### What this task involves
Data follows below. Repeat exactly the lines between the line holding "- une chambre" and the line holding "A woman standing", inclusive, and nothing more; drop pictures.

### Recorded data
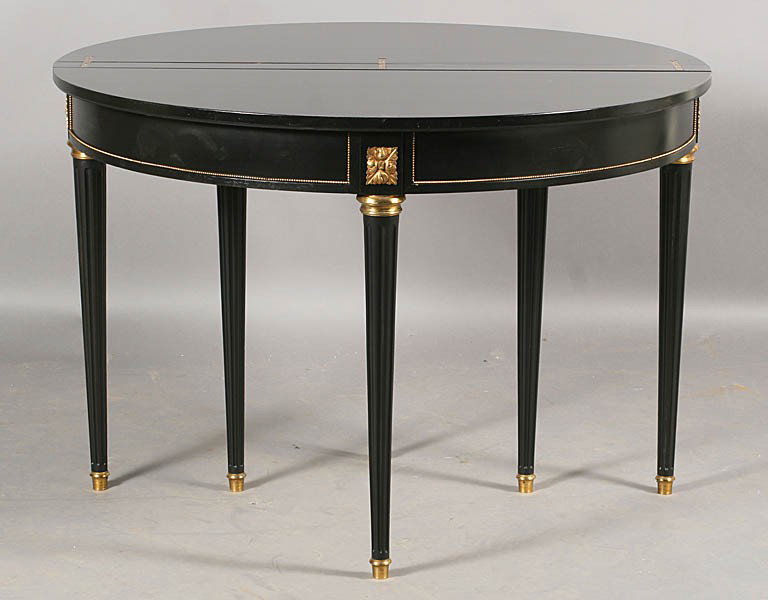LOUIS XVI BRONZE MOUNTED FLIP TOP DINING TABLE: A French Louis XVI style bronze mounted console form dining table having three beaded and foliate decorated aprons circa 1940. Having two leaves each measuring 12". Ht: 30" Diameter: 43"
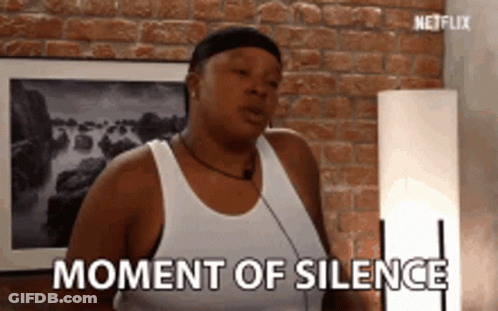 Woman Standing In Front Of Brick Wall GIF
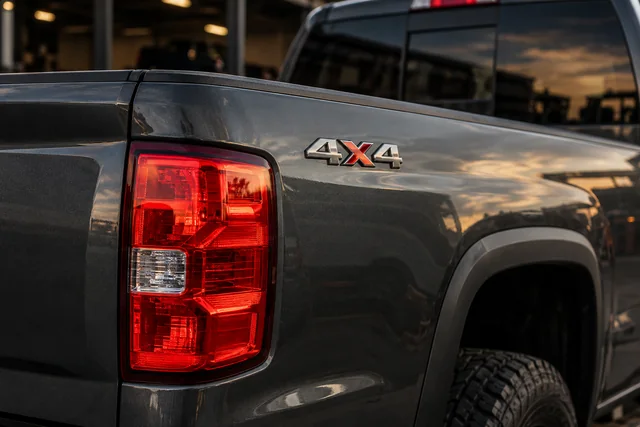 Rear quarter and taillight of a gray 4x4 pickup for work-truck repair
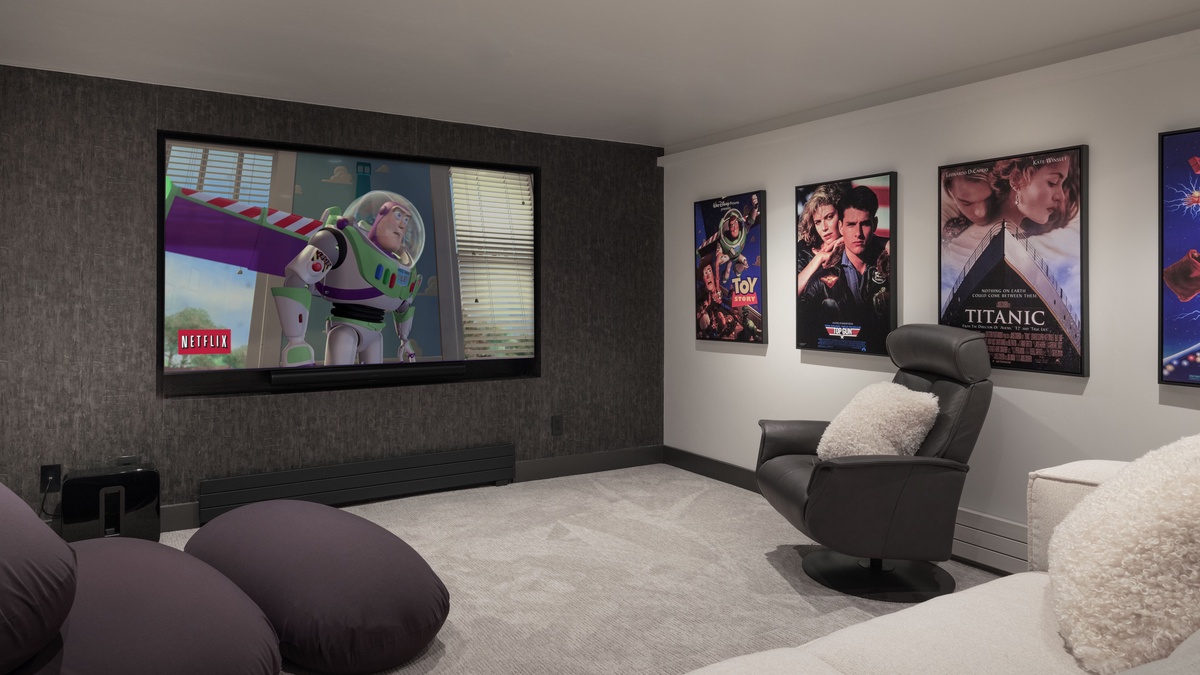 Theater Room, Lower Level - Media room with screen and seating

--

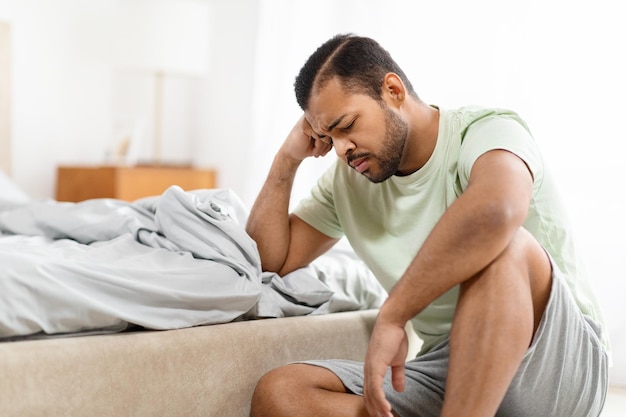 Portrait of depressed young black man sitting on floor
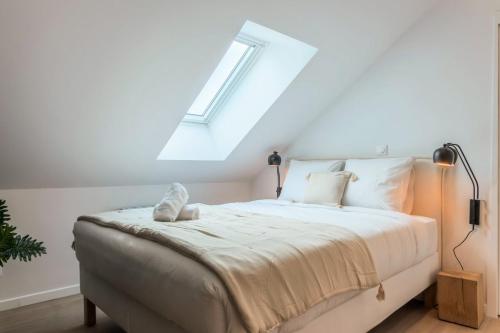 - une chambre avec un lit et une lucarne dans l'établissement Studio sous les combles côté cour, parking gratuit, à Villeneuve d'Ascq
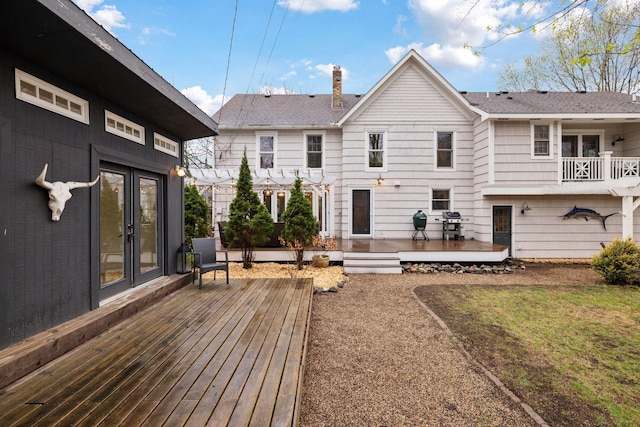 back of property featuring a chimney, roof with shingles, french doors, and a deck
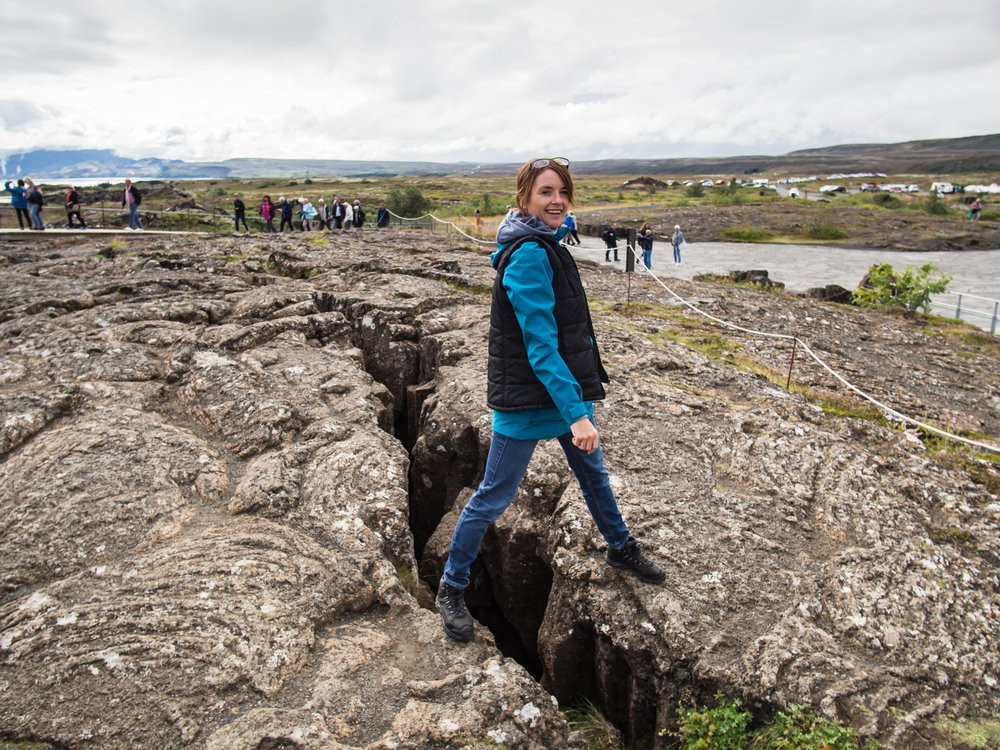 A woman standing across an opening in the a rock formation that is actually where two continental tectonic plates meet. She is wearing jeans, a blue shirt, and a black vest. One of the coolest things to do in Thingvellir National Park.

### Final answer
 - une chambre avec un lit et une lucarne dans l'établissement Studio sous les combles côté cour, parking gratuit, à Villeneuve d'Ascq
 back of property featuring a chimney, roof with shingles, french doors, and a deck
 A woman standing across an opening in the a rock formation that is actually where two continental tectonic plates meet. She is wearing jeans, a blue shirt, and a black vest. One of the coolest things to do in Thingvellir National Park.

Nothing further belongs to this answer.